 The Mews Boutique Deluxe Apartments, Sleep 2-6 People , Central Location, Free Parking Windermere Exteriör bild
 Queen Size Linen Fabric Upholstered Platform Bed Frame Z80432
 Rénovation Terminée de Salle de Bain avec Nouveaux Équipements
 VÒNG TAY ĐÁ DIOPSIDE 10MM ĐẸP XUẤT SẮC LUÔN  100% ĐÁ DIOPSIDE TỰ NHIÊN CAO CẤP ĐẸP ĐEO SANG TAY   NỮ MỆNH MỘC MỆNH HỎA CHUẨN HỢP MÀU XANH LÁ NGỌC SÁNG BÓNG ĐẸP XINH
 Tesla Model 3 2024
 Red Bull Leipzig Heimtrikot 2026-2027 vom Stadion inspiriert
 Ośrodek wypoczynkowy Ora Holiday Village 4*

==

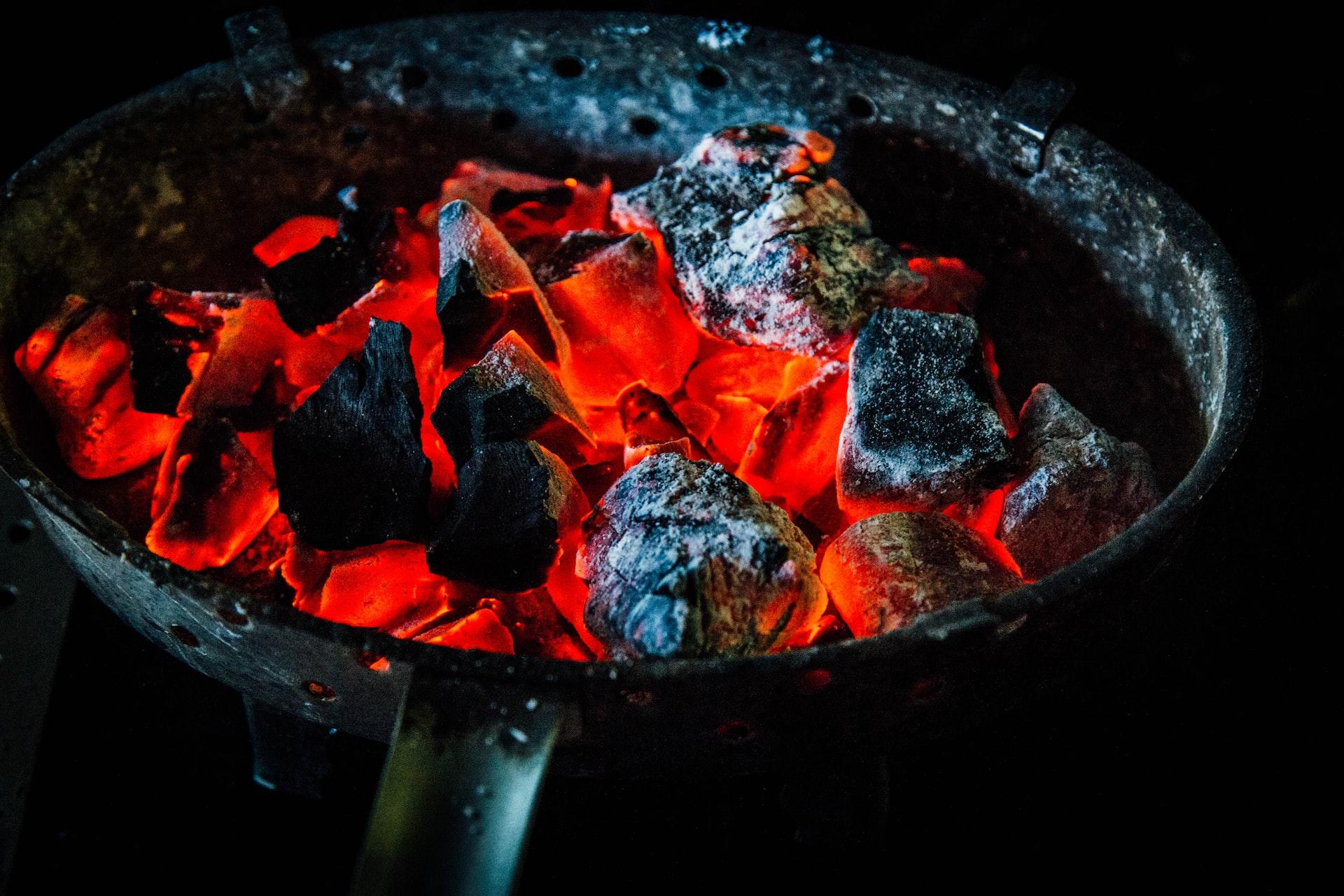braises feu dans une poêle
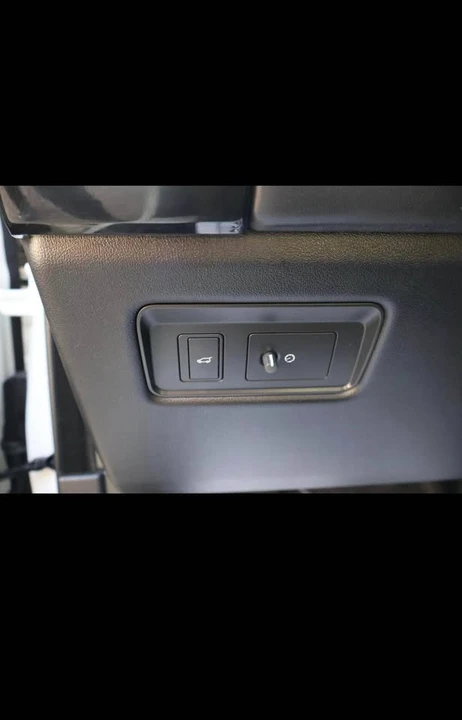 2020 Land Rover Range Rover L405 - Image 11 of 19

Task instructions: In the records above, the line with "The Mews Boutique" marks the start and the line with "VÒNG TAY ĐÁ" marks the end; copy that stretch exactly, both lines included, and nothing else.

Exercise solution:
 The Mews Boutique Deluxe Apartments, Sleep 2-6 People , Central Location, Free Parking Windermere Exteriör bild
 Queen Size Linen Fabric Upholstered Platform Bed Frame Z80432
 Rénovation Terminée de Salle de Bain avec Nouveaux Équipements
 VÒNG TAY ĐÁ DIOPSIDE 10MM ĐẸP XUẤT SẮC LUÔN  100% ĐÁ DIOPSIDE TỰ NHIÊN CAO CẤP ĐẸP ĐEO SANG TAY   NỮ MỆNH MỘC MỆNH HỎA CHUẨN HỢP MÀU XANH LÁ NGỌC SÁNG BÓNG ĐẸP XINH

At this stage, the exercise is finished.